Progress Bringing Food, Water, Parts, Oxygen to Station
09.01.05
The 19th unpiloted Progress cargo craft to dock at the International
Space Station will be a breath of fresh air, in several senses.
Among the cargo carrier's more than 2.6 tons of cargo is a new liquids
unit for the Russian Elektron oxygen generator. The unit has been out of
operation since late May.
Sergei KrikalevImage to left: Commander Sergei K. Krikalev holds the
dismantled probe-and-cone docking mechanism from the Progress 18
spacecraft inside the Zvezda Service Module. Credit: NASA
The crew has relied on Solid Fuel Oxygen Generator (SFOG) "candles" and
oxygen from Progress and Station tanks to replenish the orbiting
laboratory's atmosphere. The Elektron uses water as a raw material,
dividing it into hydrogen, which is vented overboard, and oxygen.
Progress 19, scheduled to launch on Sept. 8 from the Baikonur Cosmodrome
in Kazakhstan, has been fitted with 14 extra tanks.
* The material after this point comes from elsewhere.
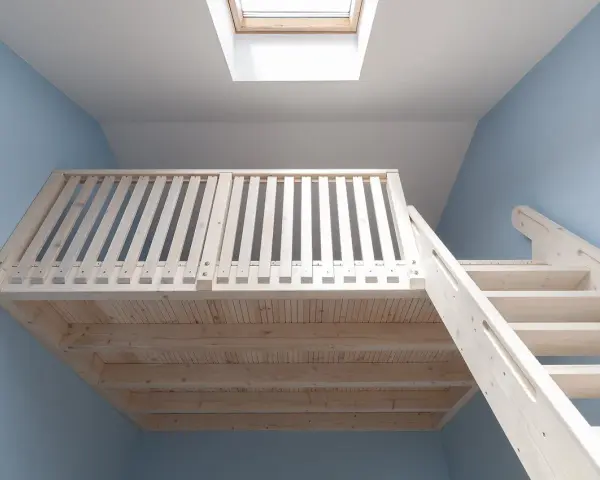 Jasna, drewniana antresola z balustradą i schodami, podświetlona przez okno dachowe.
They enable it to
carry an additional 132 pounds of oxygen and air, for a total of just
over 242 pounds. Also aboard are 16 new SFOGs.
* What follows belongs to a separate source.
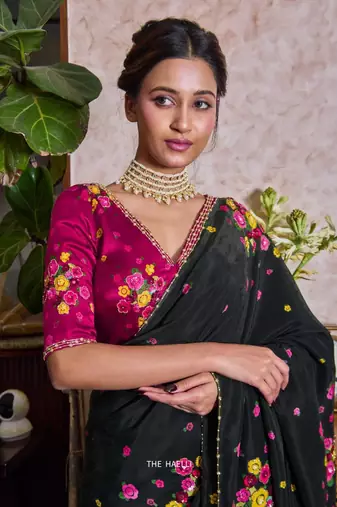 Black color flower print with handwork cut dana work organza saree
Total P19 cargo weight is just over 5,175 pounds. That includes 1,760
pounds of propellant for attitude control thrusters, more than 52
gallons of water and about 2,700 pounds of dry cargo.
That dry cargo consists of equipment and supplies, experiment hardware,
spare parts for the Russian Vozdukh carbon dioxide removal system and
food. That food is one reason a Progress arrival is a happy occasion,
despite the hard work involved in unloading and stowing cargo items.
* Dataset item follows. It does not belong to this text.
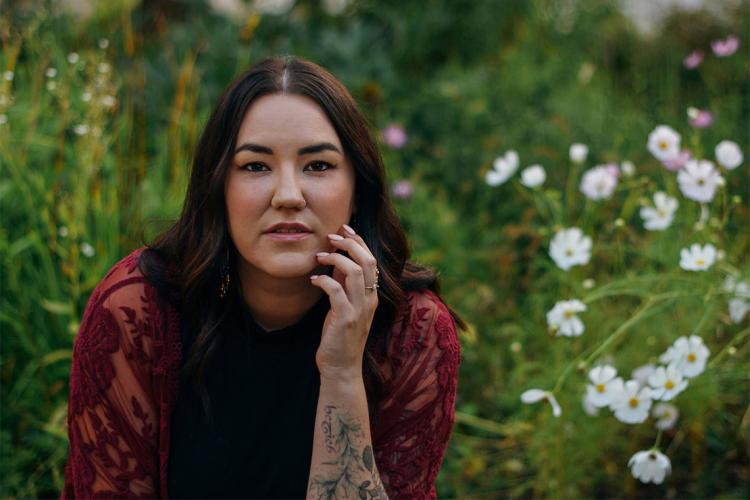 Portrait of Karen McBride taken outside with flowers in the background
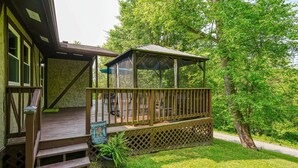 A wooden deck with a covered seating area, a sign indicating a hide-and-seek champion, and a lush green lawn. - Hideaway Pines Cabin (Logan)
Fresh food is especially welcome after months in orbit.
The Progress is similar in appearance and some design elements to the
Soyuz spacecraft, which brings three crewmembers to the Station, serves
as a lifeboat while they are there and returns them to Earth. The aft
module, the instrumentation and propulsion module, is nearly identical.
But the second of the three Progress sections is a refueling module, and
the third, uppermost as the Progress sits on the launch pad, is a cargo
module. On the Soyuz, the descent module, where the crew is seated on
launch and which returns them to Earth, is the middle module and the
third is called the orbital module.
The undocking of the previous Progress cargo ship begins the sequence of
events replacing the old cargo craft with the new. The Progress craft
being replaced is typically undocked the day before launch of the new
cargo capsule, and later commanded to deorbit by Russian flight
controllers, clearing the aft port of Zvezda for the new Progress.
Filled with trash and discarded items, the departing Progress burns up
in the Earth’s atmosphere soon afterward.